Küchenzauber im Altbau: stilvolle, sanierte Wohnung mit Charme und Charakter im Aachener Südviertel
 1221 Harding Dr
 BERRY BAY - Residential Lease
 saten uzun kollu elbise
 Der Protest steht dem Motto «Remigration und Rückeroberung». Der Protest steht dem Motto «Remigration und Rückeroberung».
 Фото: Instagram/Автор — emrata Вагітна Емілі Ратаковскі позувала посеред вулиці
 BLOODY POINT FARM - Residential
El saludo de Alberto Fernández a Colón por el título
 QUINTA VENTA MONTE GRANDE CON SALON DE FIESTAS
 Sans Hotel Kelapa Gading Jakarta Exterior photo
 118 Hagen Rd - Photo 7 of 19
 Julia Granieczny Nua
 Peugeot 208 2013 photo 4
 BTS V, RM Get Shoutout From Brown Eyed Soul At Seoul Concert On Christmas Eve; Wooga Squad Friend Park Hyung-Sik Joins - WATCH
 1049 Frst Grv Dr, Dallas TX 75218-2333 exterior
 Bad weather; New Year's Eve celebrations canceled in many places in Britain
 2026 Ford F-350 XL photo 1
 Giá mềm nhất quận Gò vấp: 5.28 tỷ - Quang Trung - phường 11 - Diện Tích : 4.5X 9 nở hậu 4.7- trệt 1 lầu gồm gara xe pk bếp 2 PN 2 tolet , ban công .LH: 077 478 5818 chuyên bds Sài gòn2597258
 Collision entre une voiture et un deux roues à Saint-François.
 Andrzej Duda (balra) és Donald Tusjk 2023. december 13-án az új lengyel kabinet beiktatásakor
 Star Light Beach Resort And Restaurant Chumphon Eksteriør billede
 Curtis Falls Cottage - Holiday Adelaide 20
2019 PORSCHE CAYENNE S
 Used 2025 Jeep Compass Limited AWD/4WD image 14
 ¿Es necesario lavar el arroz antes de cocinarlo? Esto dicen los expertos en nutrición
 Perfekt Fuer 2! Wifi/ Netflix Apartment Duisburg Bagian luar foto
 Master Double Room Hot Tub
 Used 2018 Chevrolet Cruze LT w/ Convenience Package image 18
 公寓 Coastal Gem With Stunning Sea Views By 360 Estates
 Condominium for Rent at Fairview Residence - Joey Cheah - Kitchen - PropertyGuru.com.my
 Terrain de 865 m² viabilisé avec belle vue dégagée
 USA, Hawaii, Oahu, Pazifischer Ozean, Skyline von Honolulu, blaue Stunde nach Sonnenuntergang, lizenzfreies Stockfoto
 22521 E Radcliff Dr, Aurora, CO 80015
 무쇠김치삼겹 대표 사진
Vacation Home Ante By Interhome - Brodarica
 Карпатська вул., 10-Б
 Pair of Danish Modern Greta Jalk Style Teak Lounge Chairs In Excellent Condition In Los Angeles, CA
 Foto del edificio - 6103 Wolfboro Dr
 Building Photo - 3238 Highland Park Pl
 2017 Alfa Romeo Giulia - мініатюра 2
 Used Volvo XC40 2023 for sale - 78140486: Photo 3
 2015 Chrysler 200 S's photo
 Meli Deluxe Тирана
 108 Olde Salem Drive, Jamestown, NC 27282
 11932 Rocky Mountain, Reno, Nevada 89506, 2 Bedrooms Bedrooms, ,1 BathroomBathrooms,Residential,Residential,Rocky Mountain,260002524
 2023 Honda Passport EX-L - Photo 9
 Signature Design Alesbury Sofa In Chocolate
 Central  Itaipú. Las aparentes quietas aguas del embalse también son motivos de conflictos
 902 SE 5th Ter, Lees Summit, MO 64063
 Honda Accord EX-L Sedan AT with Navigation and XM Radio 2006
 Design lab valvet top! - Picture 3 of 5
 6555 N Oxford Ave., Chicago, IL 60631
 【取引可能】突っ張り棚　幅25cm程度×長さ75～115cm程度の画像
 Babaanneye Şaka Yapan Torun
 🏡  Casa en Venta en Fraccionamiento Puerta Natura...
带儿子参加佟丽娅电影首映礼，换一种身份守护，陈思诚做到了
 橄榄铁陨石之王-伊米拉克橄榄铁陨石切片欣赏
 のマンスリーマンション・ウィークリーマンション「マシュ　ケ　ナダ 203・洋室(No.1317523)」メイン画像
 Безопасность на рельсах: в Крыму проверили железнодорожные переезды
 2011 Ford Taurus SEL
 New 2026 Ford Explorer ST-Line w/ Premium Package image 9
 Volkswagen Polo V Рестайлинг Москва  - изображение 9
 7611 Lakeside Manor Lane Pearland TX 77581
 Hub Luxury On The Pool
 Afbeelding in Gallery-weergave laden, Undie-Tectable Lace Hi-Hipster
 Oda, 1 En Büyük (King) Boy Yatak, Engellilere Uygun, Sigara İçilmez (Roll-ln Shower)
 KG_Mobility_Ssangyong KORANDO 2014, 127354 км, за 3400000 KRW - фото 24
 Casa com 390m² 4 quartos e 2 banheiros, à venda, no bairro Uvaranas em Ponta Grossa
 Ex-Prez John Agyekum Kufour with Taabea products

++++++++++

-- Your goal --
Your task is to quote all of the data word for word.

-- Final answer --
Küchenzauber im Altbau: stilvolle, sanierte Wohnung mit Charme und Charakter im Aachener Südviertel
 1221 Harding Dr
 BERRY BAY - Residential Lease
 saten uzun kollu elbise
 Der Protest steht dem Motto «Remigration und Rückeroberung». Der Protest steht dem Motto «Remigration und Rückeroberung».
 Фото: Instagram/Автор — emrata Вагітна Емілі Ратаковскі позувала посеред вулиці
 BLOODY POINT FARM - Residential
El saludo de Alberto Fernández a Colón por el título
 QUINTA VENTA MONTE GRANDE CON SALON DE FIESTAS
 Sans Hotel Kelapa Gading Jakarta Exterior photo
 118 Hagen Rd - Photo 7 of 19
 Julia Granieczny Nua
 Peugeot 208 2013 photo 4
 BTS V, RM Get Shoutout From Brown Eyed Soul At Seoul Concert On Christmas Eve; Wooga Squad Friend Park Hyung-Sik Joins - WATCH
 1049 Frst Grv Dr, Dallas TX 75218-2333 exterior
 Bad weather; New Year's Eve celebrations canceled in many places in Britain
 2026 Ford F-350 XL photo 1
 Giá mềm nhất quận Gò vấp: 5.28 tỷ - Quang Trung - phường 11 - Diện Tích : 4.5X 9 nở hậu 4.7- trệt 1 lầu gồm gara xe pk bếp 2 PN 2 tolet , ban công .LH: 077 478 5818 chuyên bds Sài gòn2597258
 Collision entre une voiture et un deux roues à Saint-François.
 Andrzej Duda (balra) és Donald Tusjk 2023. december 13-án az új lengyel kabinet beiktatásakor
 Star Light Beach Resort And Restaurant Chumphon Eksteriør billede
 Curtis Falls Cottage - Holiday Adelaide 20
2019 PORSCHE CAYENNE S
 Used 2025 Jeep Compass Limited AWD/4WD image 14
 ¿Es necesario lavar el arroz antes de cocinarlo? Esto dicen los expertos en nutrición
 Perfekt Fuer 2! Wifi/ Netflix Apartment Duisburg Bagian luar foto
 Master Double Room Hot Tub
 Used 2018 Chevrolet Cruze LT w/ Convenience Package image 18
 公寓 Coastal Gem With Stunning Sea Views By 360 Estates
 Condominium for Rent at Fairview Residence - Joey Cheah - Kitchen - PropertyGuru.com.my
 Terrain de 865 m² viabilisé avec belle vue dégagée
 USA, Hawaii, Oahu, Pazifischer Ozean, Skyline von Honolulu, blaue Stunde nach Sonnenuntergang, lizenzfreies Stockfoto
 22521 E Radcliff Dr, Aurora, CO 80015
 무쇠김치삼겹 대표 사진
Vacation Home Ante By Interhome - Brodarica
 Карпатська вул., 10-Б
 Pair of Danish Modern Greta Jalk Style Teak Lounge Chairs In Excellent Condition In Los Angeles, CA
 Foto del edificio - 6103 Wolfboro Dr
 Building Photo - 3238 Highland Park Pl
 2017 Alfa Romeo Giulia - мініатюра 2
 Used Volvo XC40 2023 for sale - 78140486: Photo 3
 2015 Chrysler 200 S's photo
 Meli Deluxe Тирана
 108 Olde Salem Drive, Jamestown, NC 27282
 11932 Rocky Mountain, Reno, Nevada 89506, 2 Bedrooms Bedrooms, ,1 BathroomBathrooms,Residential,Residential,Rocky Mountain,260002524
 2023 Honda Passport EX-L - Photo 9
 Signature Design Alesbury Sofa In Chocolate
 Central  Itaipú. Las aparentes quietas aguas del embalse también son motivos de conflictos
 902 SE 5th Ter, Lees Summit, MO 64063
 Honda Accord EX-L Sedan AT with Navigation and XM Radio 2006
 Design lab valvet top! - Picture 3 of 5
 6555 N Oxford Ave., Chicago, IL 60631
 【取引可能】突っ張り棚　幅25cm程度×長さ75～115cm程度の画像
 Babaanneye Şaka Yapan Torun
 🏡  Casa en Venta en Fraccionamiento Puerta Natura...
带儿子参加佟丽娅电影首映礼，换一种身份守护，陈思诚做到了
 橄榄铁陨石之王-伊米拉克橄榄铁陨石切片欣赏
 のマンスリーマンション・ウィークリーマンション「マシュ　ケ　ナダ 203・洋室(No.1317523)」メイン画像
 Безопасность на рельсах: в Крыму проверили железнодорожные переезды
 2011 Ford Taurus SEL
 New 2026 Ford Explorer ST-Line w/ Premium Package image 9
 Volkswagen Polo V Рестайлинг Москва  - изображение 9
 7611 Lakeside Manor Lane Pearland TX 77581
 Hub Luxury On The Pool
 Afbeelding in Gallery-weergave laden, Undie-Tectable Lace Hi-Hipster
 Oda, 1 En Büyük (King) Boy Yatak, Engellilere Uygun, Sigara İçilmez (Roll-ln Shower)
 KG_Mobility_Ssangyong KORANDO 2014, 127354 км, за 3400000 KRW - фото 24
 Casa com 390m² 4 quartos e 2 banheiros, à venda, no bairro Uvaranas em Ponta Grossa
 Ex-Prez John Agyekum Kufour with Taabea products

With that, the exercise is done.